2. PSU banks should throw more money down the bottomless pit.
3. RBI should make the banking system fragile , and avoid using "phoren -Basel III" , but use " Chennai III" , so that you don't have to capitalise the banks
to be able to take shocks, even while you do 2) and keep throwing more money into a bottomless pit.
the economy will slide into deep difficulties in the coming months and years
True. But that was caused more YOUR ilk and the hare brained DeMo that you talked the Govt into
Are RBI and the Modi government listening?
I SURE AS HELL HOPE NOT and I wish they NEVER again listen to the WhackJobs who led them into the DeMo and some other fool's errands (which while futile were not damaging like DeMo).

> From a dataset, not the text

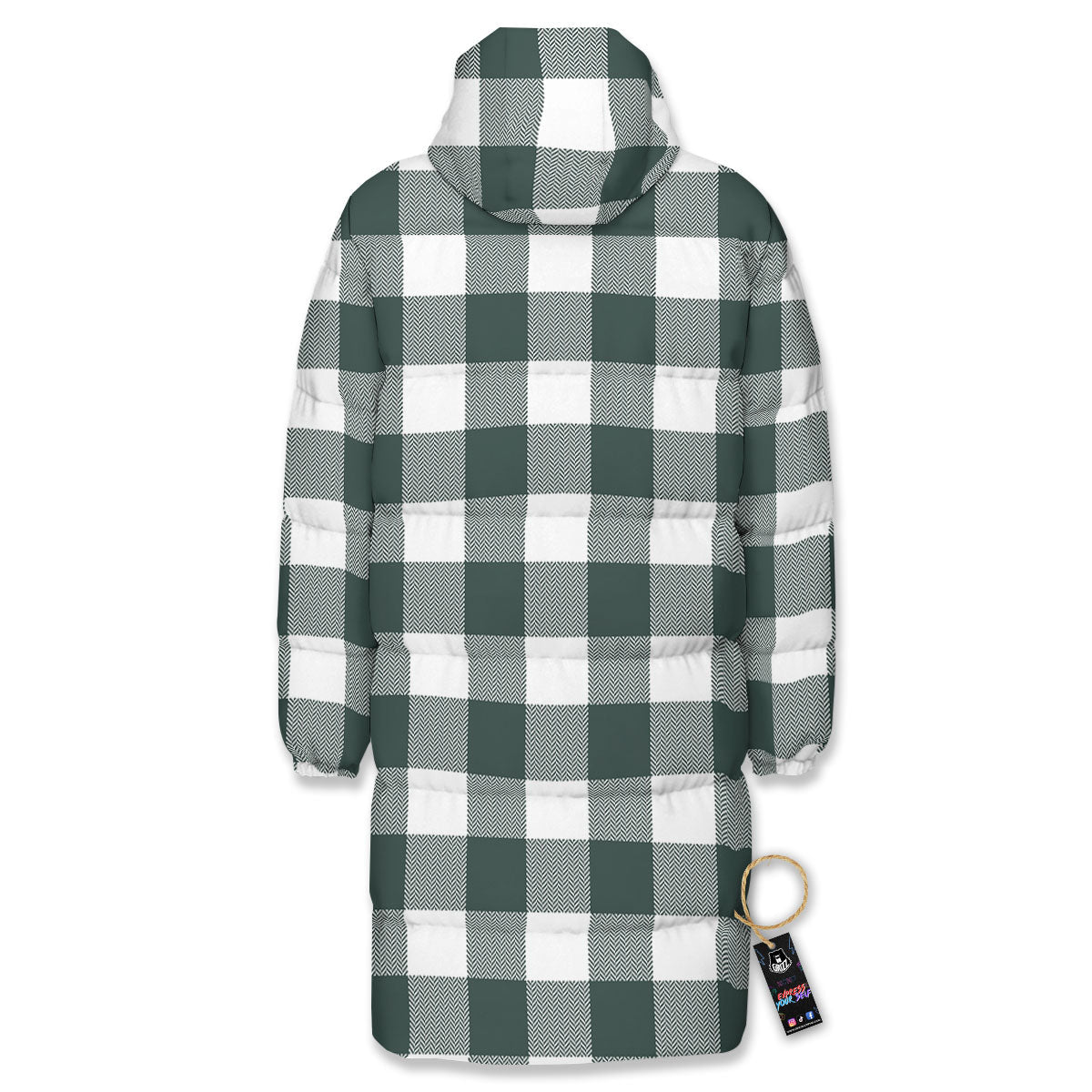 Buffalo Check White And Green Print Long Down Jacket-grizzshop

The Govt needs to listen to sane counsel (like the Chief Economic Advisor - Arvind Subramaniam and former RBI Guv - YV Reddy , Subba Rao and others for instance) even if cannot countenance taking advice from Raghuram Rajan.
The SJM and other Cow + Marx types must be put out to pasture and masticate there in content. They have caused near irreparable damage already. And if any of these whack job stuff as proposed is considered as anything other than a source of mirth in the govt, India is in for another 50 years of disaster like was inflicted by the Marx - Cow types.